Petron Corp.’s net income for the full year may reach P18 billion, bulk of which is expected to come from its Malaysian operations.
“Including Malaysia this year, easily it will reach P18 billion. Malaysia will deliver P12 billion because during the first half it’s income was already P6.4 billion. For the Philippines, it could be P6 billion,” Petron President Ramon S. Ang said last week. In January to June, Petron’s net income doubled to P7.7 billion from P3.87 billion in the same period last year, driven by a double-digit sales growth as demand continues to pick up.
Bulk of Petron’s first-half earnings came from Malaysia. When asked why Petron Malaysia’s performance is stronger that in the Philippines, Ang said “it’s because it is subsidized in Malaysia but fuel prices here are going up because we are not allowed to pass on.”
The company’s Philippine and Malaysian operations, including its trading subsidiary in Singapore, sold a total of 51.4 million barrels during the first half, up 34 percent from 2021’s 38.5 million barrels. Sales volume improved across all trades with Petron’s commercial sales posting the highest increase as more industries, including aviation travel, rebounded from the pandemic’s impact. Petron is the only refiner in the country, supplying about 40 percent of the country’s oil requirements.
It reported that it benefited from the strong regional refining margins with higher production at its Bataan Refinery in Limay, Bataan.
“Before, for every barrel, we can only recover 67 percent. The 33 percent is residue. Now, we can process 96 percent crude oil. Before, income per barrel is $1. Now, since the recovery is better, the income per barrel is doing $4.
We installed a cocker and we put a new steam producer. So, we are not relying on oil to produce steam. The remaining four percent is petroleum coke that is being used to fuel the steam, that’s why it’s integrated now. No more residue,” said Ang.
Petron is building new power plant facilities in the refinery, which will replace some of its old generators, increase steam production, and expand power generation capacity from 140MW to 184MW.

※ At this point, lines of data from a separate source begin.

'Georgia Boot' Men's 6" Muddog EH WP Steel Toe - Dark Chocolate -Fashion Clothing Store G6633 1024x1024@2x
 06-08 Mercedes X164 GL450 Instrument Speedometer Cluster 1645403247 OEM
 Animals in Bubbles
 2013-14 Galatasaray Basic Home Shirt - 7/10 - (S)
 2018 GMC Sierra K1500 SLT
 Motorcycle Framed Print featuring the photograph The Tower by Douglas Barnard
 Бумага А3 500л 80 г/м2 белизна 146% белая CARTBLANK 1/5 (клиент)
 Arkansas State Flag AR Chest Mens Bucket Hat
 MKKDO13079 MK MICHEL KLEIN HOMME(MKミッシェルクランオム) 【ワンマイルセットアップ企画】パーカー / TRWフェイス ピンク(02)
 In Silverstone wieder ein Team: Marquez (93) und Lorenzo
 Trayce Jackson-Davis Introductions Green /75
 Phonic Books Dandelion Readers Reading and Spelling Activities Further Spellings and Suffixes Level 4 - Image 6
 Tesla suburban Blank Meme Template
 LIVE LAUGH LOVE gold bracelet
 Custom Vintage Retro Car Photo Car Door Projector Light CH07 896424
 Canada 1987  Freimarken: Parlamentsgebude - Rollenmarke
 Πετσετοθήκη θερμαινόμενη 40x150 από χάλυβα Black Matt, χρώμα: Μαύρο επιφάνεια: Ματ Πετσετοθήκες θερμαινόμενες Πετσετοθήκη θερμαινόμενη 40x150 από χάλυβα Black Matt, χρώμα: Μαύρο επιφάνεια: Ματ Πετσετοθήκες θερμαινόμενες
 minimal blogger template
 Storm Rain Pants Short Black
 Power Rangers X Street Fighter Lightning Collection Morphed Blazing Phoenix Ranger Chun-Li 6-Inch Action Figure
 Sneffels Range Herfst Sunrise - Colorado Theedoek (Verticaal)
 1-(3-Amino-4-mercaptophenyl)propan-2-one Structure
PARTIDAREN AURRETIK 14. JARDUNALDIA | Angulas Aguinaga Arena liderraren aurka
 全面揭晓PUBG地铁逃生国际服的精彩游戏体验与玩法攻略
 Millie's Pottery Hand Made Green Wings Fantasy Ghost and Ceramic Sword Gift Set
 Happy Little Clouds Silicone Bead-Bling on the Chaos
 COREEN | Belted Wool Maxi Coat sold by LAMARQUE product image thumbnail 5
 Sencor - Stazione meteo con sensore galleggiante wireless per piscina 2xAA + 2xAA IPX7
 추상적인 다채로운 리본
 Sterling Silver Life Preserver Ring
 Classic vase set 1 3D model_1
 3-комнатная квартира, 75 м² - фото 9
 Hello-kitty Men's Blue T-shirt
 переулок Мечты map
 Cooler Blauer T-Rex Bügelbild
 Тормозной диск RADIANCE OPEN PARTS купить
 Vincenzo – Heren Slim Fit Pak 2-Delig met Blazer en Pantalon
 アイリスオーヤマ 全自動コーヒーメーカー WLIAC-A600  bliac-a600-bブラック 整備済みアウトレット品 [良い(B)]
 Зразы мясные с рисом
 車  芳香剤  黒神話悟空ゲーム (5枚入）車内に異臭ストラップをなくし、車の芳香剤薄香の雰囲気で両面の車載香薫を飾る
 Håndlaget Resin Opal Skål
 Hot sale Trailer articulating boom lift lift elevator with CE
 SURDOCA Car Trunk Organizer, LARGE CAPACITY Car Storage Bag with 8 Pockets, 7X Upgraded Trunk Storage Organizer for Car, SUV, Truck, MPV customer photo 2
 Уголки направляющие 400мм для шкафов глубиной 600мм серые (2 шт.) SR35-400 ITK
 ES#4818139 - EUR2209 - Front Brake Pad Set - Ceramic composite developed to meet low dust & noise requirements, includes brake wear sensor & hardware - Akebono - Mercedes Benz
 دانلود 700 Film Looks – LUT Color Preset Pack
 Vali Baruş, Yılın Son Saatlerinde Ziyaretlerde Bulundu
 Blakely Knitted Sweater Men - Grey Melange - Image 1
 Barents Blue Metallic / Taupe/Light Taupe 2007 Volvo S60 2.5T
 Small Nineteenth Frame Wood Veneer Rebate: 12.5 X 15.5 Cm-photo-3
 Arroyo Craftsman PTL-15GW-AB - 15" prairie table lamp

This is part of Petron’s planned capital expenditure projects to ensure reliability and efficiency of critical refinery process. Other projects include putting up more retail service stations, expand its retail network of its LPG, lubes and non-fuel segment, upgrade its logistics capacity, and expand its Malaysia operations with new service stations and facilities improvement in the Port Dickson refinery and terminals.